Interpretation: Areas double under T.
Polar coordinates: T(r,\theta) = (r\cos\theta, r\sin\theta) for r > 0.
DT = \begin{pmatrix} \cos\theta & -r\sin\theta \\ \sin\theta & r\cos\theta \end{pmatrix}, \quad \det(DT) = r(\cos^2\theta + \sin^2\theta) = r.
Thus dx dy = |r| dr d\theta = r dr d\theta (since r > 0).
Interpretation: The factor r accounts for increasing “width” of angular sectors at larger radius.
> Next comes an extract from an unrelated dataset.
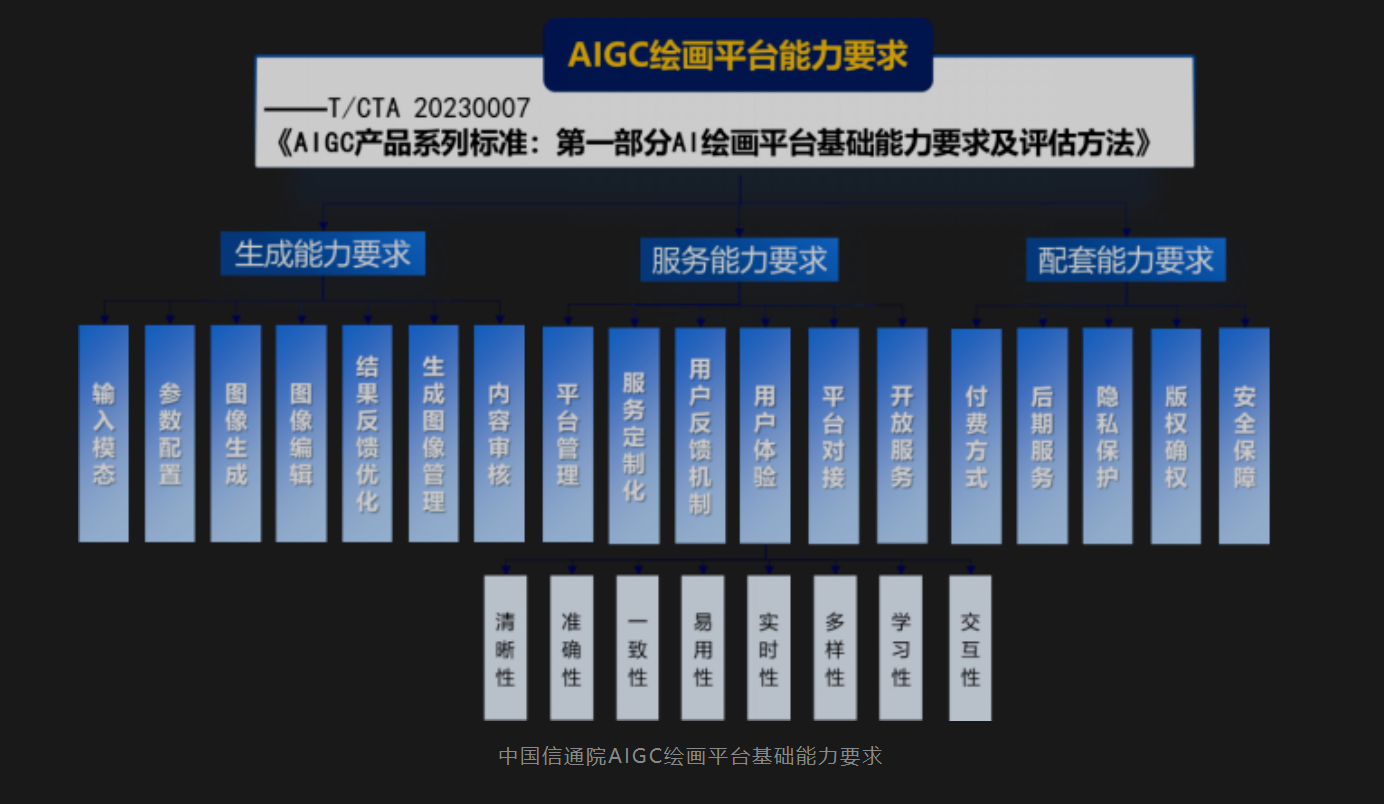 今日AI资讯-01.02 - 图1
10 Final summary and extension to higher dimensions

For a C^1 transformation T: (u,v) \mapsto (x,y) with almost non-singular Jacobian (\det(DT) \neq 0) on S:

\boxed{ dx dy = \left| \det \begin{pmatrix} \partial x/\partial u & \partial x/\partial v \\ \partial y/\partial u & \partial y/\partial v \end{pmatrix} \right| du dv }

This is the foundation of the change of variables formula. The absolute value of the Jacobian determinant universally quantifies how T distorts infinitesimal areas. Rigorous justification requires C^1 smoothness to control linearization errors, as shown in Section 6.
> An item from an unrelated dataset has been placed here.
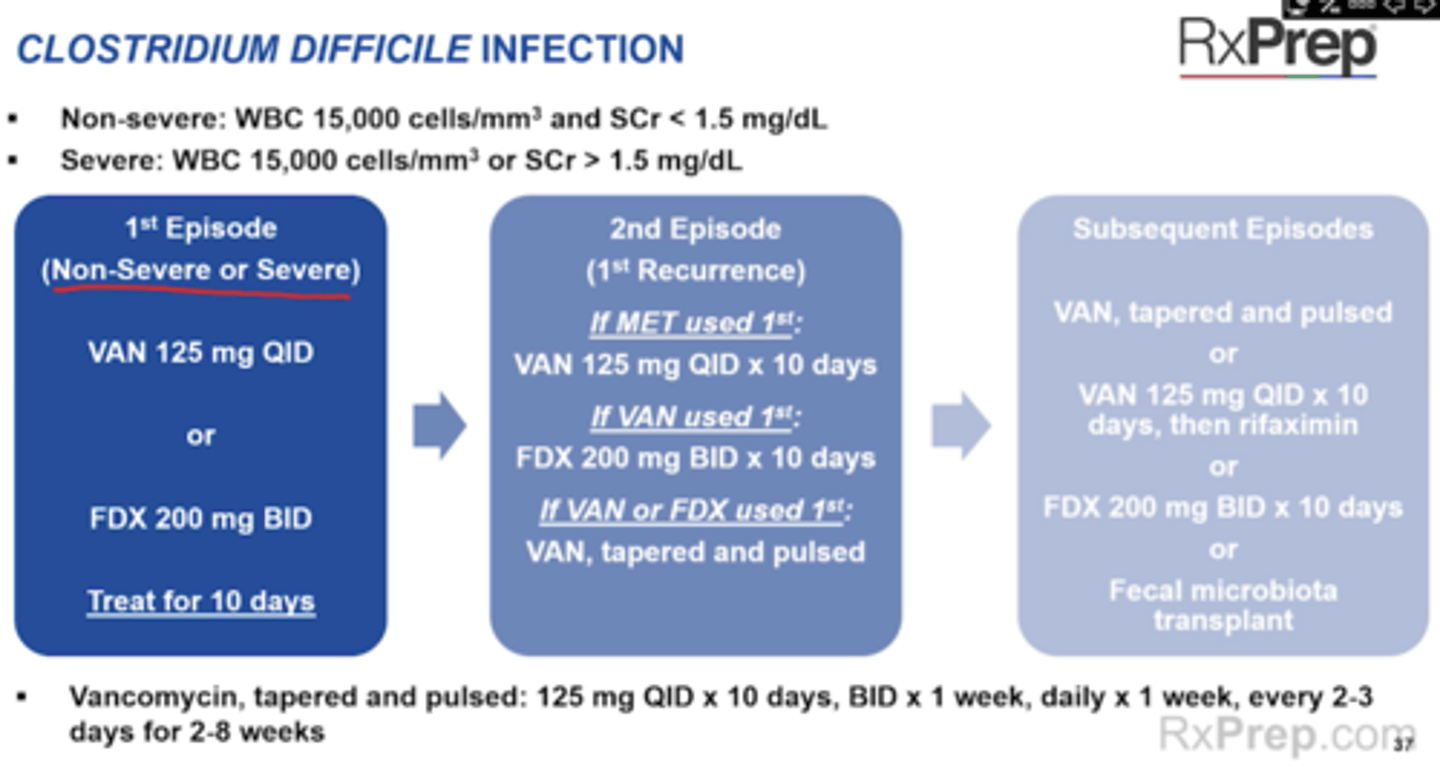 <p>Toxic mega colon</p><p>Use metronidazole IV + Vanco NG</p>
Crucially, this entire framework scales seamlessly to higher dimensions. For a C^1 transformation T: \mathbb{R}^n \to \mathbb{R}^n defined by T(u_1, \dots, u_n) = (x_1, \dots, x_n), the Jacobian matrix DT becomes an n \times n matrix of partial derivatives:

DT = \begin{pmatrix} \frac{\partial x_1}{\partial u_1} & \cdots & \frac{\partial x_1}{\partial u_n} \\ \vdots & \ddots & \vdots \\ \frac{\partial x_n}{\partial u_1} & \cdots & \frac{\partial x_n}{\partial u_n} \end{pmatrix}.
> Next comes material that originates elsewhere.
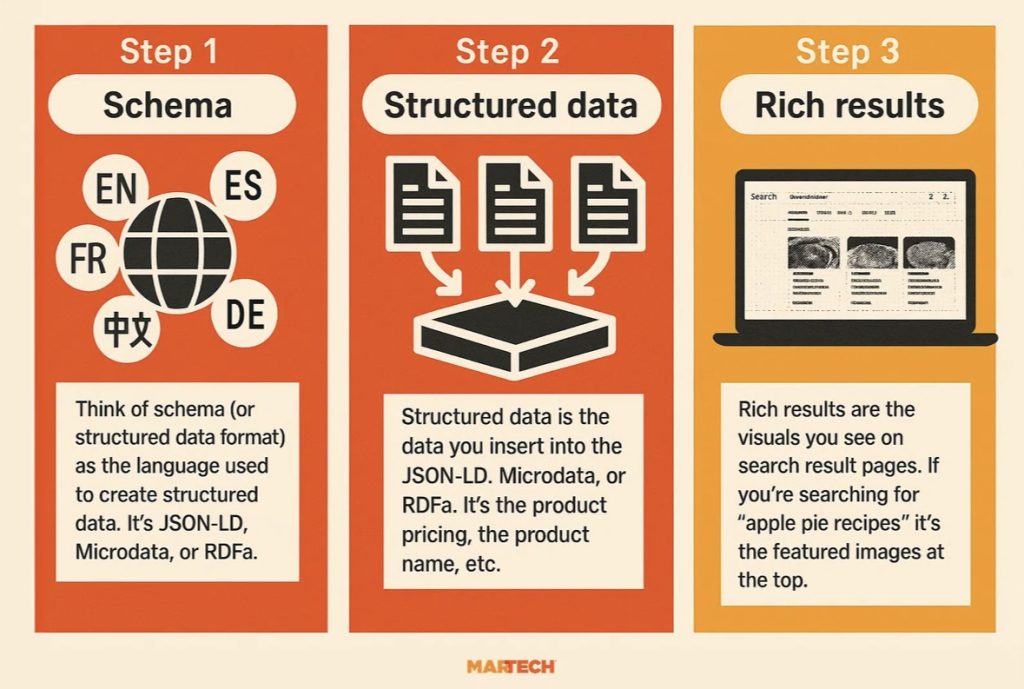 structured data scale graphic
The absolute value of its determinant, |\det(DT)|, serves as the local volume scaling factor for infinitesimal n-dimensional cubes. This is because:
1. Linear approximation: Near any point, T is approximated by the linear map DT.
2. Volume scaling: The determinant \det(DT) gives the signed volume of the parallelepiped spanned by the column vectors of DT (the images of the unit coordinate vectors).
3. Error control: Differentiability ensures nonlinear errors vanish faster than the volume element du_1 \cdots du_n as the partition refines, exactly as in the \mathbb{R}^2 case (Section 6).

Consequently, the change of variables formula generalizes to:

\int_{T(S)} f(\mathbf{x}) d\mathbf{x} = \int_S f(T(\mathbf{u})) \left| \det(DT(\mathbf{u})) \right| d\mathbf{u},

where d\mathbf{x} = dx_1 \cdots dx_n and d\mathbf{u} = du_1 \cdots du_n. Whether computing volumes in \mathbb{R}^3 (where |\det(DT)| scales infinitesimal cubes), probability densities in statistics, or flux integrals in physics, the Jacobian determinant remains the universal scaling factor for volume elements under smooth coordinate transformations in any dimension.